• _Work to complete_: Set out exactly, line by line, the stretch of data below that begins at the line containing "TRUST Mikrofón Primo, stolný (21674)" and ends at the line containing "15220 Cambridge, Tustin, CA 92782 - Photo 35", with both ends kept.

Web page caption snippets:
########################################

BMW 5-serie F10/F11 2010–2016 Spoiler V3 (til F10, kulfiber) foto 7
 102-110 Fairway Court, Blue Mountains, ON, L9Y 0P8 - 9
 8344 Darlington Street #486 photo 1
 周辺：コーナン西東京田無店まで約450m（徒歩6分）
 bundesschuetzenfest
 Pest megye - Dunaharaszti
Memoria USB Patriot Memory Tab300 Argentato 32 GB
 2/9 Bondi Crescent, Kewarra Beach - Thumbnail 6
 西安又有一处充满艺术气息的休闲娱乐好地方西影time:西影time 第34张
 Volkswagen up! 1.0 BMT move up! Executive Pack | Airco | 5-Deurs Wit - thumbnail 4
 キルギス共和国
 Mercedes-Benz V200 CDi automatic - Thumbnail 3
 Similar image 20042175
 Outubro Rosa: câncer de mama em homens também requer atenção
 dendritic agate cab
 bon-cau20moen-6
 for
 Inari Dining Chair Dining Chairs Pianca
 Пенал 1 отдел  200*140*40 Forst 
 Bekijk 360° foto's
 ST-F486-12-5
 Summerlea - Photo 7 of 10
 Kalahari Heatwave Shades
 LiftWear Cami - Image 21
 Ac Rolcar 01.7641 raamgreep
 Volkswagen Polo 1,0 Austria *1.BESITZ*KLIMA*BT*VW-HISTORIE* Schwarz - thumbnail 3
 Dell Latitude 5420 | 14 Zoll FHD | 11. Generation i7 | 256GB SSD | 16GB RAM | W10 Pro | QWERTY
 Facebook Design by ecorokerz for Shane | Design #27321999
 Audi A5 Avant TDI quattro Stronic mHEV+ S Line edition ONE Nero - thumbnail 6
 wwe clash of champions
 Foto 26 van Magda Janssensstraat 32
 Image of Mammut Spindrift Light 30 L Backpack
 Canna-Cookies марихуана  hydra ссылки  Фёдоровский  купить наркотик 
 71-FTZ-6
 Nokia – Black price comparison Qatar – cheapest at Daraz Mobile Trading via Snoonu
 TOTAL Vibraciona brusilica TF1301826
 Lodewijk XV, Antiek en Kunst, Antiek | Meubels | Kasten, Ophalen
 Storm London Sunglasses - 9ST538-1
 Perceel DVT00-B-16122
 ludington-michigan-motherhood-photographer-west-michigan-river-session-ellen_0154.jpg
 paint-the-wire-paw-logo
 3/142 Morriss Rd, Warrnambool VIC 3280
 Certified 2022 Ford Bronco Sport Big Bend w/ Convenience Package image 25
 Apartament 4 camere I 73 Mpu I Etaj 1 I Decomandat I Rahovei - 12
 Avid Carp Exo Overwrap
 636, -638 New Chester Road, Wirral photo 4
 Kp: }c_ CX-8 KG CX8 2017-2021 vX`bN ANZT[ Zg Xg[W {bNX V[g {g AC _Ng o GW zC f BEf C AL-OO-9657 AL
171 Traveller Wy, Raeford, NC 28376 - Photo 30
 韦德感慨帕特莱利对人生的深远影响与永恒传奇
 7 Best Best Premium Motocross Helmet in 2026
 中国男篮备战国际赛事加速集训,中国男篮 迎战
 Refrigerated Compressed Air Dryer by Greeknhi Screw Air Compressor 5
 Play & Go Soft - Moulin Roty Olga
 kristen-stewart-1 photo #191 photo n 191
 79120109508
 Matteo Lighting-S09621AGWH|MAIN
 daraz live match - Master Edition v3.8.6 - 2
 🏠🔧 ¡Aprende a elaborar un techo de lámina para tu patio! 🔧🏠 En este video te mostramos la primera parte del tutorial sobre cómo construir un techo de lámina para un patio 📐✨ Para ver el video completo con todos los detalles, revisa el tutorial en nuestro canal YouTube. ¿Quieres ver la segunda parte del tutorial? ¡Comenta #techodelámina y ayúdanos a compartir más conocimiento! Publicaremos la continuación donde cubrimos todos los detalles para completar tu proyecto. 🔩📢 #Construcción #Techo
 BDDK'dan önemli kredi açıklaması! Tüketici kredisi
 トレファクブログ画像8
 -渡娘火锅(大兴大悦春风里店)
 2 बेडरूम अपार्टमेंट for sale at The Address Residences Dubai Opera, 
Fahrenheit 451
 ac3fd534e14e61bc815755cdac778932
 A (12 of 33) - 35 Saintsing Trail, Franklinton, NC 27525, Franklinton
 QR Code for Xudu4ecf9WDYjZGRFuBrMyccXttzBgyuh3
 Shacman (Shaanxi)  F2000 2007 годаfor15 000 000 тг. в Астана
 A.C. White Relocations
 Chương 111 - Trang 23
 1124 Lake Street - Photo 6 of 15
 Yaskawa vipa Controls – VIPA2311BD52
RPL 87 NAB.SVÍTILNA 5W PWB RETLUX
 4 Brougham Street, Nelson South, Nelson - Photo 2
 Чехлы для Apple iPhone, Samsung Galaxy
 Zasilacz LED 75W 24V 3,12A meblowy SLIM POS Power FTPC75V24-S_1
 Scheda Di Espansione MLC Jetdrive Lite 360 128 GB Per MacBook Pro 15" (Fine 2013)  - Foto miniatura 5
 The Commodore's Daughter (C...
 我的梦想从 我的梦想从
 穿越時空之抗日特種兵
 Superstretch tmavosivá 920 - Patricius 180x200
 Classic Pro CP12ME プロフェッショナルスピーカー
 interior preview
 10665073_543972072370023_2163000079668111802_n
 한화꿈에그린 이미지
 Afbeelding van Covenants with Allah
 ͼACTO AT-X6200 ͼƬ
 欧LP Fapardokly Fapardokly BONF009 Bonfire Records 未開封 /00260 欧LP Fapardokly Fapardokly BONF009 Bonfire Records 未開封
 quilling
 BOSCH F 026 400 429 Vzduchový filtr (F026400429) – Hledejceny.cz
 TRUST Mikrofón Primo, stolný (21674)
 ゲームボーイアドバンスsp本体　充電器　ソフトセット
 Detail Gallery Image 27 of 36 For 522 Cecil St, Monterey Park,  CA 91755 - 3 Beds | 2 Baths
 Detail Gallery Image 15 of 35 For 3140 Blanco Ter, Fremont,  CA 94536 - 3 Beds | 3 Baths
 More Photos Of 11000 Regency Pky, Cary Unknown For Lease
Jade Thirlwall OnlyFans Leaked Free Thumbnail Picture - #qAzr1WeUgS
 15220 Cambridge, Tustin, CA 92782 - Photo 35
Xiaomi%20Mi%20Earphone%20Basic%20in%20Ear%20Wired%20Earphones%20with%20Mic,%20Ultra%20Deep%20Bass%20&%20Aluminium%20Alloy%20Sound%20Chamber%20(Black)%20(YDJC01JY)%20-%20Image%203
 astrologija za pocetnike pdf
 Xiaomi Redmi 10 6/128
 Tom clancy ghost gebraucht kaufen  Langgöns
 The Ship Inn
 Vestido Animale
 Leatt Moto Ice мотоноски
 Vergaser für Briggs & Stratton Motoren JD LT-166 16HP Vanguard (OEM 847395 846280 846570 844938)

########################################

• _Answer to this problem_:
 TRUST Mikrofón Primo, stolný (21674)
 ゲームボーイアドバンスsp本体　充電器　ソフトセット
 Detail Gallery Image 27 of 36 For 522 Cecil St, Monterey Park,  CA 91755 - 3 Beds | 2 Baths
 Detail Gallery Image 15 of 35 For 3140 Blanco Ter, Fremont,  CA 94536 - 3 Beds | 3 Baths
 More Photos Of 11000 Regency Pky, Cary Unknown For Lease
Jade Thirlwall OnlyFans Leaked Free Thumbnail Picture - #qAzr1WeUgS
 15220 Cambridge, Tustin, CA 92782 - Photo 35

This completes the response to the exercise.